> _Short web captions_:
- Opening Delimiter -

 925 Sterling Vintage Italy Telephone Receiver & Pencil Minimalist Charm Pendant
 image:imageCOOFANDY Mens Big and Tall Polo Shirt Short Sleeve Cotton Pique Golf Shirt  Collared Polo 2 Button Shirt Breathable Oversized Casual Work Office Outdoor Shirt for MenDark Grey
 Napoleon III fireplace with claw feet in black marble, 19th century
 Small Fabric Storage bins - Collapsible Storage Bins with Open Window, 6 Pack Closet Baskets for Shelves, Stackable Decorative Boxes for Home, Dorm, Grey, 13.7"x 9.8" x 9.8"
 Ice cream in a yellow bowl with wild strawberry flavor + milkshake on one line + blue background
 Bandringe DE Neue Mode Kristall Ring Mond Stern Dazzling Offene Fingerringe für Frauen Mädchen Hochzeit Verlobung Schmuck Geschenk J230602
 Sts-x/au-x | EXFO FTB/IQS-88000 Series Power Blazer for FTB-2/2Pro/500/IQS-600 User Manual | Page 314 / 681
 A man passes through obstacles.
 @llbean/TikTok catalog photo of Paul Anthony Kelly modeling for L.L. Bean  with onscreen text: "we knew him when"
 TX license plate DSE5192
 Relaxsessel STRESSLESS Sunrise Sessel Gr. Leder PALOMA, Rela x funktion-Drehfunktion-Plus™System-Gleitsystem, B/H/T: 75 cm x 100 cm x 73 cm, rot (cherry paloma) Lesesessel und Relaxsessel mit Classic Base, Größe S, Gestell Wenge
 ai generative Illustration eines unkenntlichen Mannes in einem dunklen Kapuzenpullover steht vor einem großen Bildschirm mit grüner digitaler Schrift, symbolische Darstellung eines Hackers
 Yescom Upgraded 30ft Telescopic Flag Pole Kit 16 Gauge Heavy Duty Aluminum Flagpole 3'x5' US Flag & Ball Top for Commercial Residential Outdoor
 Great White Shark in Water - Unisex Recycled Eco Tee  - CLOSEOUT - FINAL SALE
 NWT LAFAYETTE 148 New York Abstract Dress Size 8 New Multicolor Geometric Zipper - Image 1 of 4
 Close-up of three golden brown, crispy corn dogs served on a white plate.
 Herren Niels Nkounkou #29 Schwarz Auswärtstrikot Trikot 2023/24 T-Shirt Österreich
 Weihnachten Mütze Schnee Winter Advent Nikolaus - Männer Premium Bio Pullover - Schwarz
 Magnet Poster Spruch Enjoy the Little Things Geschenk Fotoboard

- Closing Delimiter -

> _Assigned task_:
Print only the lines from the top of the data above down to the line holding "ai generative Illustration", inclusive.

> _Answer area_:
 925 Sterling Vintage Italy Telephone Receiver & Pencil Minimalist Charm Pendant
 image:imageCOOFANDY Mens Big and Tall Polo Shirt Short Sleeve Cotton Pique Golf Shirt  Collared Polo 2 Button Shirt Breathable Oversized Casual Work Office Outdoor Shirt for MenDark Grey
 Napoleon III fireplace with claw feet in black marble, 19th century
 Small Fabric Storage bins - Collapsible Storage Bins with Open Window, 6 Pack Closet Baskets for Shelves, Stackable Decorative Boxes for Home, Dorm, Grey, 13.7"x 9.8" x 9.8"
 Ice cream in a yellow bowl with wild strawberry flavor + milkshake on one line + blue background
 Bandringe DE Neue Mode Kristall Ring Mond Stern Dazzling Offene Fingerringe für Frauen Mädchen Hochzeit Verlobung Schmuck Geschenk J230602
 Sts-x/au-x | EXFO FTB/IQS-88000 Series Power Blazer for FTB-2/2Pro/500/IQS-600 User Manual | Page 314 / 681
 A man passes through obstacles.
 @llbean/TikTok catalog photo of Paul Anthony Kelly modeling for L.L. Bean  with onscreen text: "we knew him when"
 TX license plate DSE5192
 Relaxsessel STRESSLESS Sunrise Sessel Gr. Leder PALOMA, Rela x funktion-Drehfunktion-Plus™System-Gleitsystem, B/H/T: 75 cm x 100 cm x 73 cm, rot (cherry paloma) Lesesessel und Relaxsessel mit Classic Base, Größe S, Gestell Wenge
 ai generative Illustration eines unkenntlichen Mannes in einem dunklen Kapuzenpullover steht vor einem großen Bildschirm mit grüner digitaler Schrift, symbolische Darstellung eines Hackers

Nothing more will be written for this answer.